La Table servie (90 – 91) : «Ô vous qui croyez ! Le vin, le jeu de hasard, les pierres dressées et les flèches divinatoires sont une abomination et une oeuvre du Démon. Évitez-les… — Peut-être serez-vous heureux — * Satan veut susciter parmi vous l’hostilité et la haine au moyen du vin et du jeu de hasard. Il veut ainsi vous détourner du souvenir de Dieu et de la prière. — Ne vous abstiendrez-vous pas ?—»
النساء 43 : «يا أيها الذين آمنوا لا تقربوا الصلاة وأنتم سكارى حتى تعلموا ما تقولون»
Les femmes (43) : «Ô vous qui croyez ! N’approchez pas de la prière, alors que vous êtes ivres — attendez de savoir ce que vous dites !»
Ce sont ces versets qui sont utilisés pour justifier une interdiction mythique puisque, comme on le voit, il n’y est aucune interdiction. À tout le moins, pour pratiquer le raisonnement par l’absurde, s’il y avait interdiction, elle ne serait nullement expresse, directe, claire et sans ambiguïté.
À ces versets, nous ajoutons trois autres où il est aussi question de vin, boisson enivrante ou alcoolisée, et qui renforcent à la fois l’absence d’interdiction ou l’ambiguïté quant à l’attitude du Coran en la matière ;
محمد 15 : «مثل الجنة التي وعد المتقون فيها أنهار من ماء غير آسن وأنهار من لبن لم يتغير طعمه وأنهار من خمر لذة للشاربين».
Muhammad (15) : «Voici la description du Jardin promis à ceux qui craignent Dieu. Il y aura là des fleuves dont l’eau est incorruptible, des fleuves de lait au goût inaltérable, des fleuves de vin, délices pour ceux qui en boivent.» النحل 67 : «ومن ثمرات النخيل والأعناب تتخذون منه سكرا ورزقا حسنا إن في ذلك لآية لقوم يعقلون».
Les Abeilles (67) : «Vous retirez une boisson enivrante et un aliment excellent des fruits des palmiers et des vignes. — Il y a vraiment là un Signe pour un peuple qui comprend ! —»
سورة المطففين 25-28 : «يُسقون من رحيق مختوم* ختامه مسك وفي ذلك فليتنافس المتنافسون * ومزاجه من تسنيم * عينا يشرب بها المقرّبون».
Sourate des Fraudeurs (25-28) : «On leur donnera à boire un vin rare, cacheté par un cachet de musc — ceux qui en désirent peuvent le convoiter — et mélangé à l’eau de Tasnim, une eau qui est bue par ceux qui sont proches de Dieu.»
Tout comme la Bible (3), le Coran présente donc la vigne parmi les bienfaits de Dieu et les élus boiront du vin au Paradis, puisqu’il y est des fleuves de ce nectar, un vin qui n’enivre point.
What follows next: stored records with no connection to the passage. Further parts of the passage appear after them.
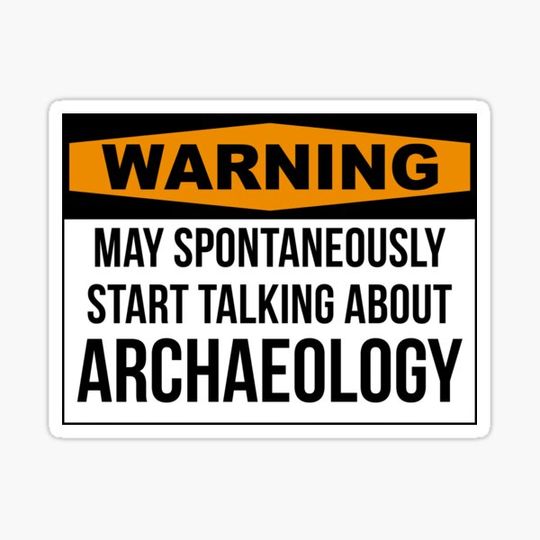 Discover Archaeology
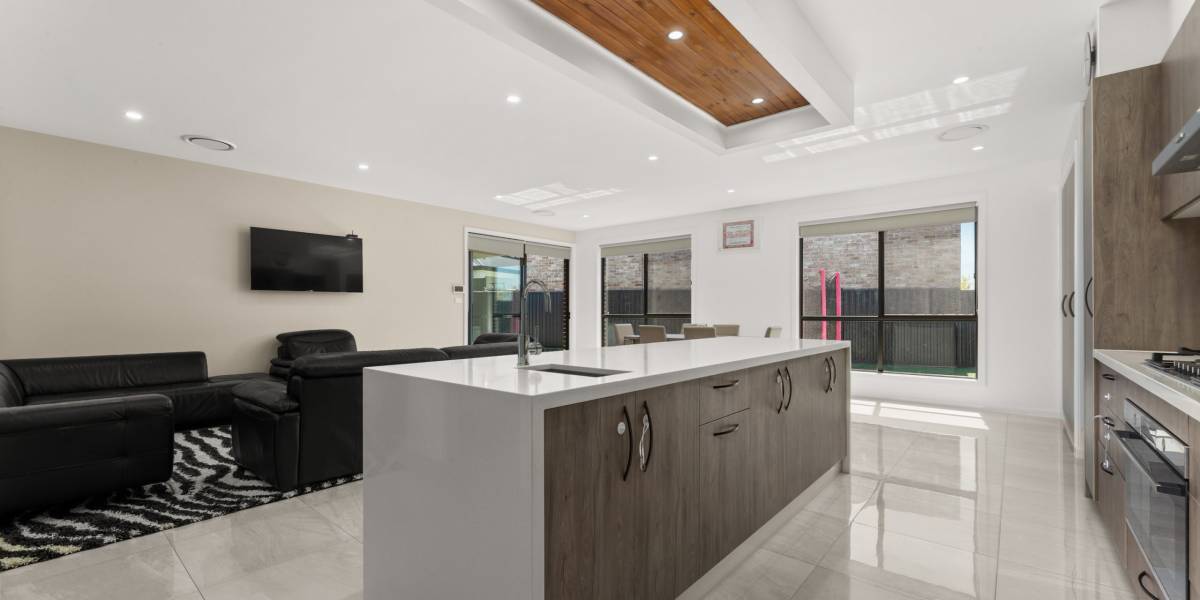 4 Nethercote Street, TAYLOR, ACT 2913 AUS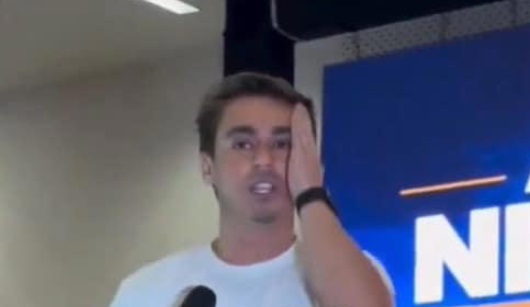 nikolas ferreira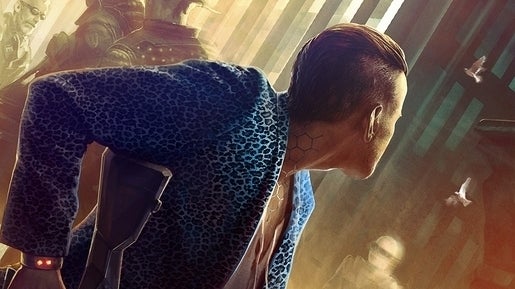 Image for Nejvíce se během E3 2019 psalo o Cyberpunk 2077 a Xboxu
Interprétation des textes coraniques
La première chose à noter est que le Coran ne procède nullement par interdiction. Ainsi, il n’emploie pas, par exemple, des expressions claires comme : «Il est interdit» ou «telle chose est prohibée», comme c’est le cas dans d’autres matières où l’interdiction est explicite.
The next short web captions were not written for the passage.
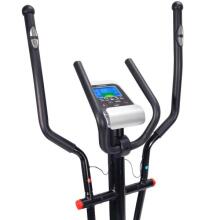 CHRISTOPEIT SPORT AX 8000 Elliptiline Ergometer, KinoMap APP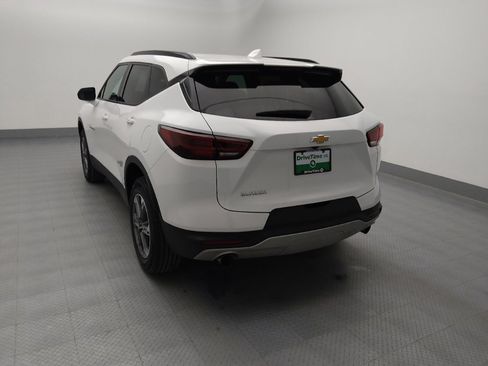 Used 2024 Chevrolet Blazer LT w/ Convenience Package image 6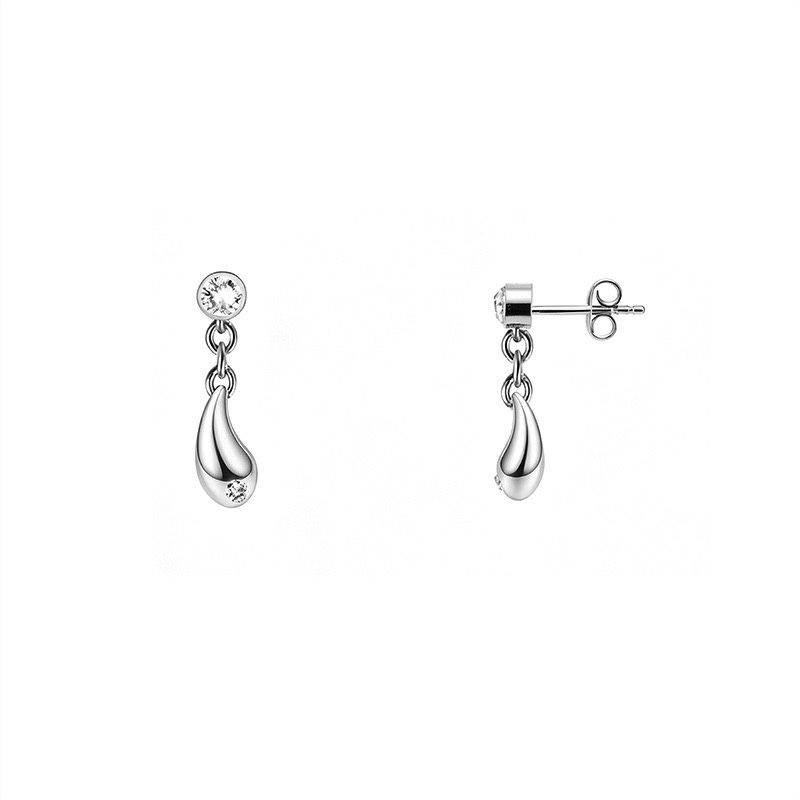 Orecchini Micro Drop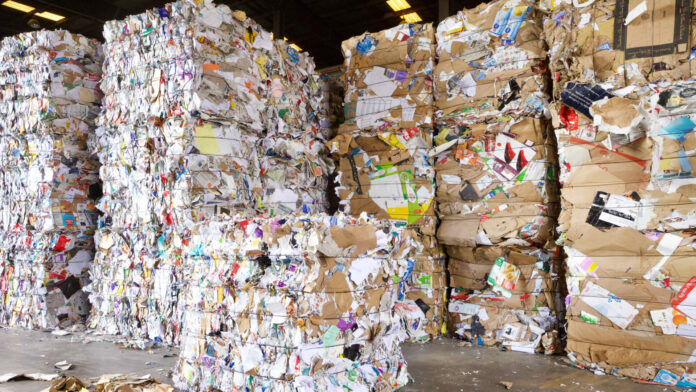 Recycle BC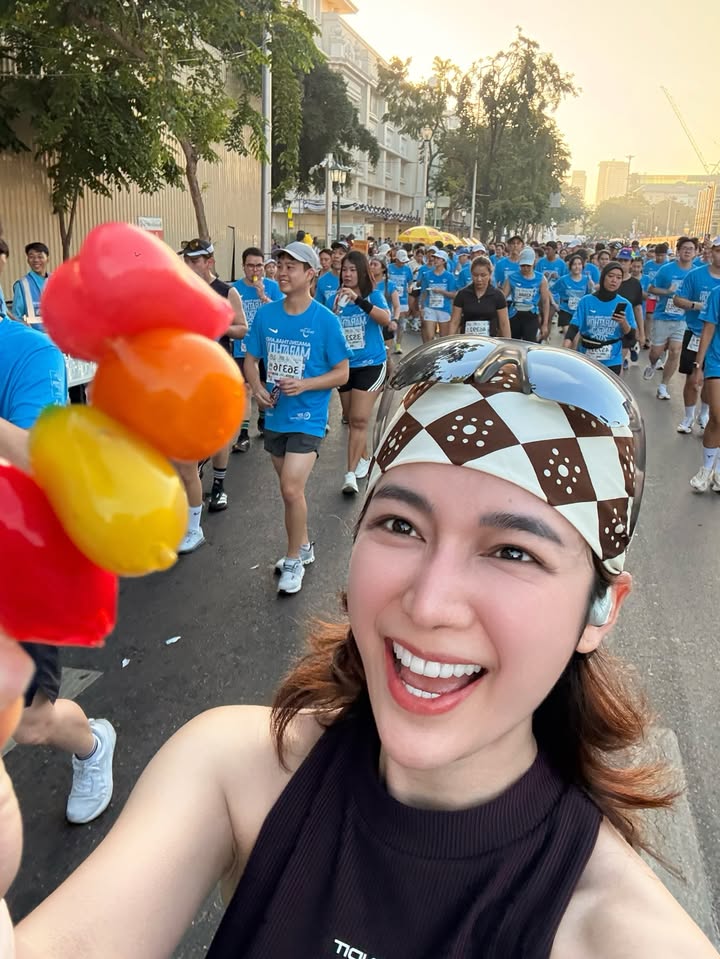 แม็กกี้ - อาภา ภาวิไล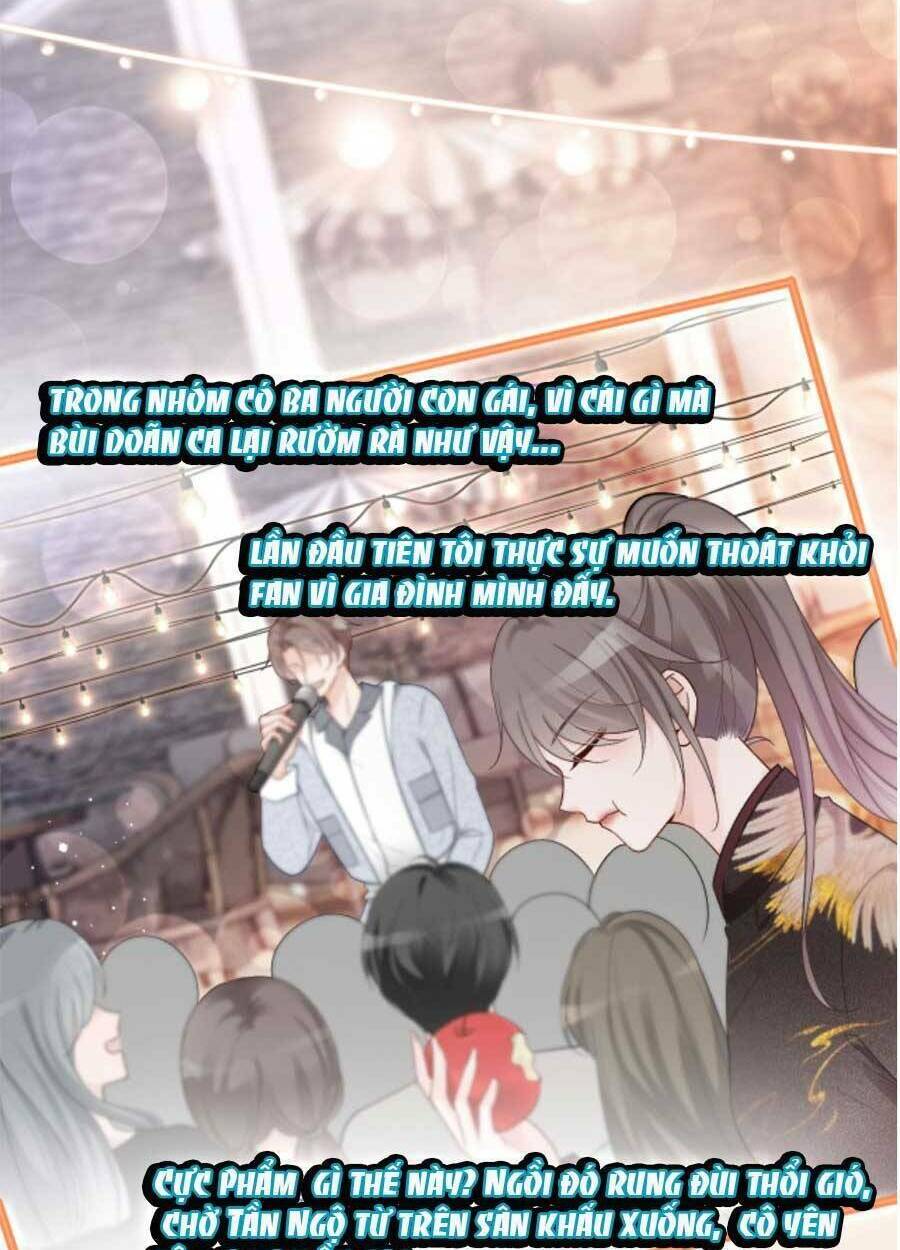 Được Các Anh Trai Chiều Chuộng Tôi Trở Nên Ngang Tàng: Chapter 87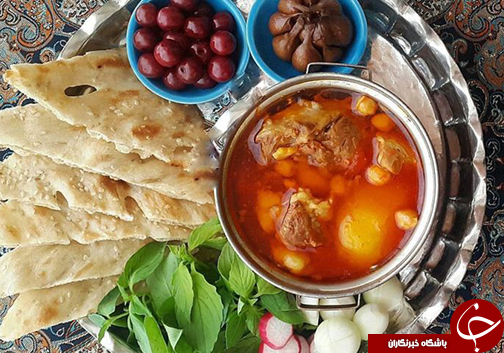 نگارستان ایران در ماه پر خیر رمضان / ارادت مردم گلستان و آداب و رسومشان در ماه مهمانی خدا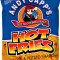 Andy Capp Hot Fries 3Oz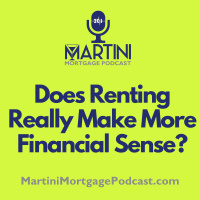Does Renting Really Make More Financial Sense?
Les jurisconsultes ont bien évidemment trouvé des explications à cette attitude qui ne manque pas d’interpeller sur l’intention divine prohibitionniste comme ils le prétendent. Le plus incorrect et le moins islamique dans ces interprétations, c’est non pas la thèse développée qui se respecte étant un effort d’interprétation, mais le fait de vouloir en faire une loi divine. Ainsi, on passe du texte coranique où il n’est nulle obligation à une interprétation humaine qui fait loi contre le Coran. Cela mérite d’interpeller toute conscience libre de tout vrai musulman.
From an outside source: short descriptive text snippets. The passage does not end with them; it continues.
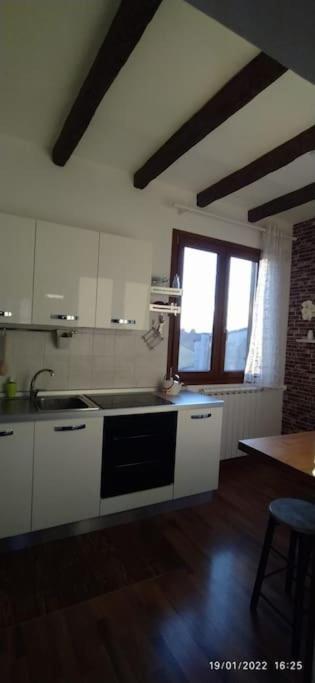Casa Di Nonno Isernia Exterior foto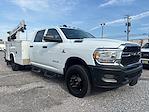 2022 Ram 3500 Crew Cab DRW 4x4 Mechanics Body for sale #15924 - photo 1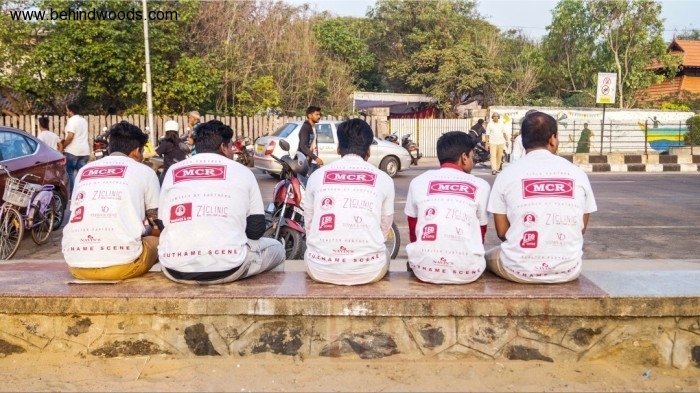 Made In Chennai Walkathon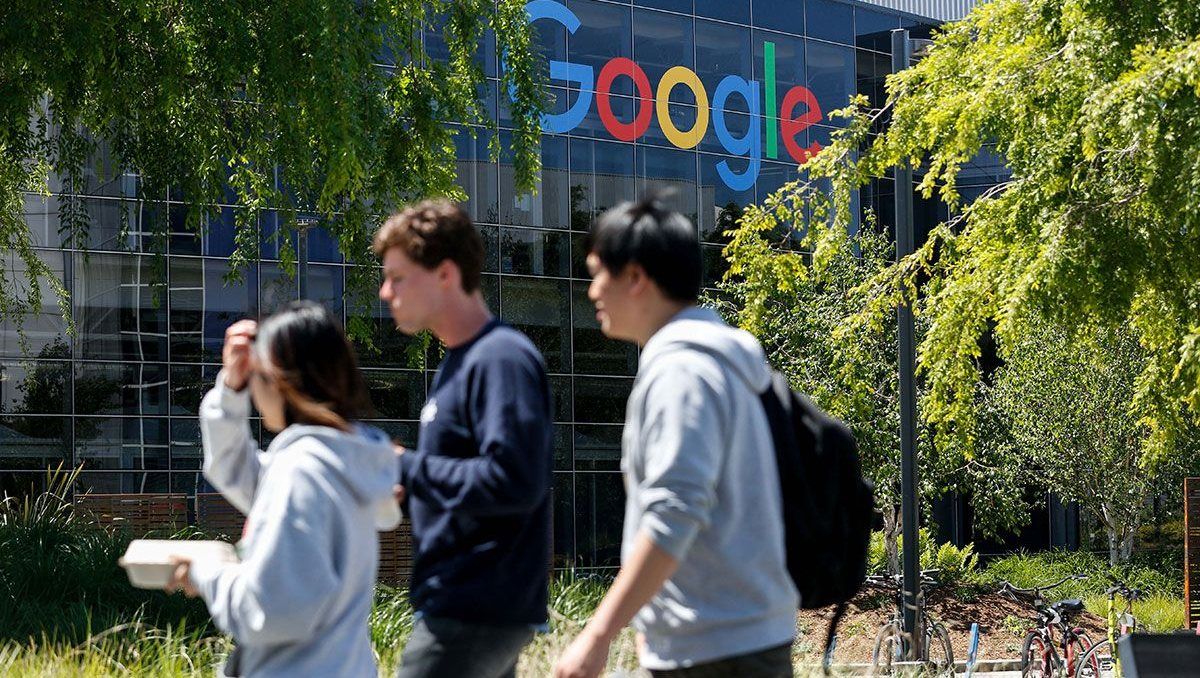 Google está estudiando nuevos modelos de pago para quienes opten por el trabajo remoto.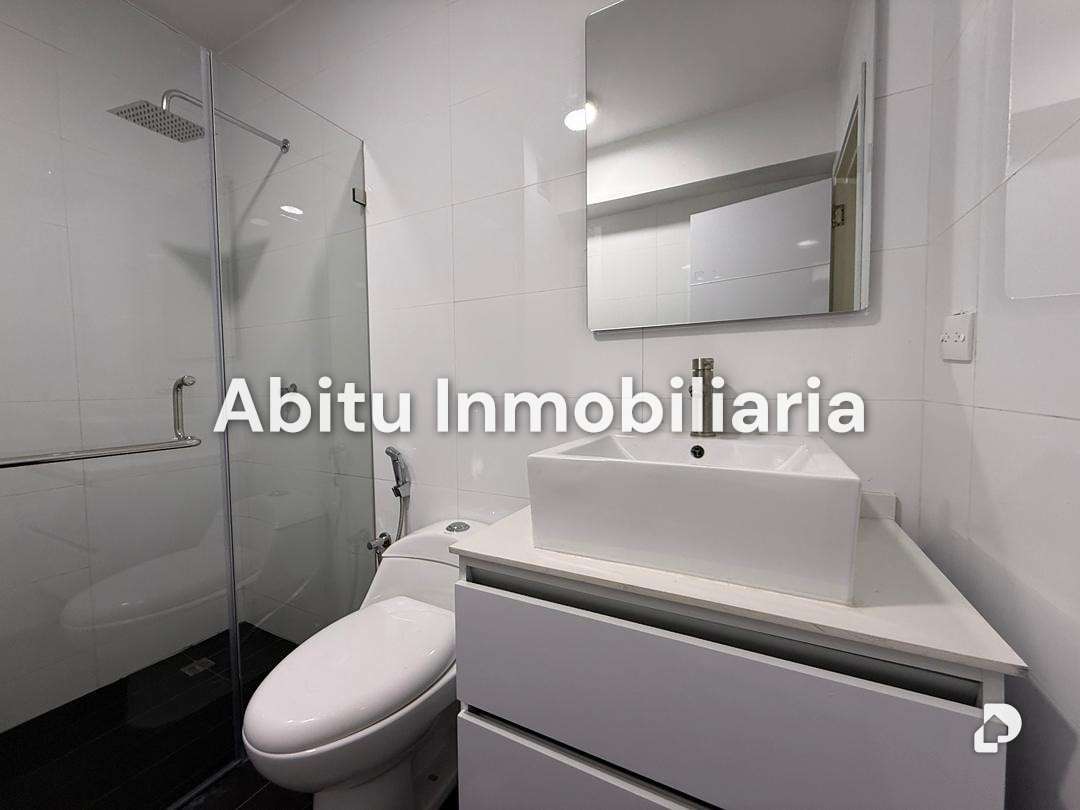 Penthouse en La Boyera, Caracas – 20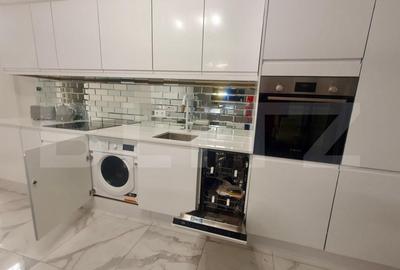 Apartament 3 camere modern, spatios - Calea Turzii, locatie excelenta! - 2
De plus, ce qui relativise la validité de l’interprétation qui a prévalu à ce jour de nos fuqahas, c’est que Dieu précise bien qu’il est des avantages dans le vin à côté de ses inconvénients. Or, au lieu de s’interroger sur la manière de maximiser les avantages et minimiser les inconvénients, on préfère la solution de facilité de tout rejeter. Comme s’il pouvait y avoir sur terre quelque chose purement bonne ou purement mauvaise. Le croire, c’est ôter la raison même de toute religion, surtout la nôtre, qui fait d’ici-bas une terre d’épreuve pour un perfectionnement jamais atteint.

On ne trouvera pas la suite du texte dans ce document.